Still, it seems very risky to predict Marigold Hotel for any Oscar attention at all, though I can’t imagine it missing out on some love at the Golden Globes. Fox Searchlight has its aforementioned Sundance hits to parade this awards season, so the film might simply serve as a nice profit for the distributor. If one of the Sundance favorites goes south, though, Marigold Hotel might get a full-fledged awards campaign.
Though it might seem obvious at first the success of Wes Anderson’s Moonrise Kingdom easily parallels that of Woody Allen’s Midnight in Paris, which hit last year: both were Cannes kick-off features that debuted to overwhelmingly positive reviews. Then the box-office test came. In its first weekend of release, Midnight in Paris took almost $600,000 from six locations for one of the highest opening-weekend theater averages ever. It went on to gross over $50 million in the States – the most ever for an Allen film – and earned major recognition from various awards groups. At the end of the awards season, it bested Picture winner The Artist for the Academy’s Original Screenplay prize.
Meanwhile, Moonrise Kingdom debuted with about $523,000. That’s less than Paris’ debut, but that money came from just four locations, making for an even higher opening-weekend theater average.

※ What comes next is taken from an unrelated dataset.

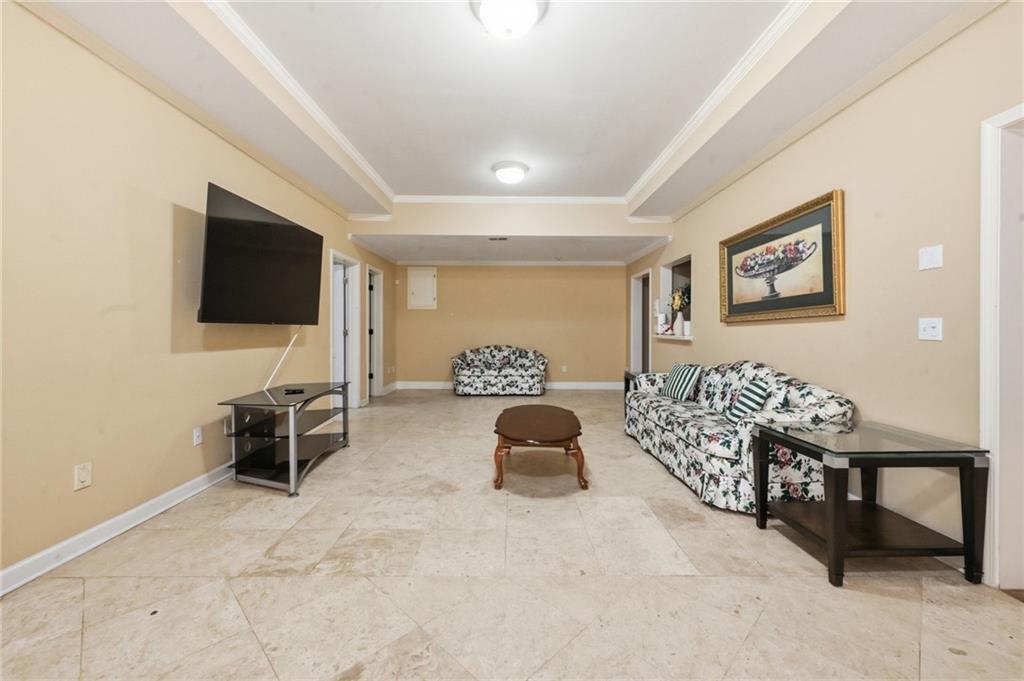 4670 Hamden Forest Drive Southwest Atlanta, GA 30331 - Photo 40 of 68 a living room with furniture and a flat screen tv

It’s yet to hit wide release in the United States, but as the film continues to expand, it might become an enjoyable alternative for those who aren’t interested in more mainstream fare – much like Paris and the already-discussed Marigold Hotel did – and a major box-office player in the process.
Even if Moonrise matches or surpasses Paris’ gross, there’s still something about this comparison that doesn’t fully work: Wes Anderson isn’t Woody Allen. That’s not meant to be a criticism of either filmmaker, but Allen’s a prolific cinematic legend. Turning in films with an uncanny frequency, he has around forty full-length features to his credit. He’s also picked up multiple directing and writing nominations throughout the years; he even scored an Actor bid for his leading work in Annie Hall, for which he won Director and one of his three Original Screenplay prizes. On the other hand, Anderson takes more time between projects and is new to filmmaking when compared to Allen. Moonrise marks the director’s seventh full-length feature, and he has only two Academy Award nominations to his credit: one in Animated Feature for Fantastic Mr. Fox and one for writing The Royal Tennenbaums with Owen Wilson.
Even though the Anderson-versus-Allen comparison might not favor the former auteur, only one film has opened with a higher theater average and failed to score a single Oscar nomination: Disney’s Atlantis: The Lost Empire. The Mouse House’s action-oriented animated feature opened impressively but eventually became a box-office disappointment. Keeping that and the previously discussed information in mind, Anderson’s latest seems relatively safe for an Original Screenplay nomination –if not more – at the moment.
We still have to wait and see what happens this awards season to determine the awards fates of The Best Exotic Marigold Hotel and Moonrise Kingdom. However, it’s clear that, at least for now, both films have a whole lot going for them.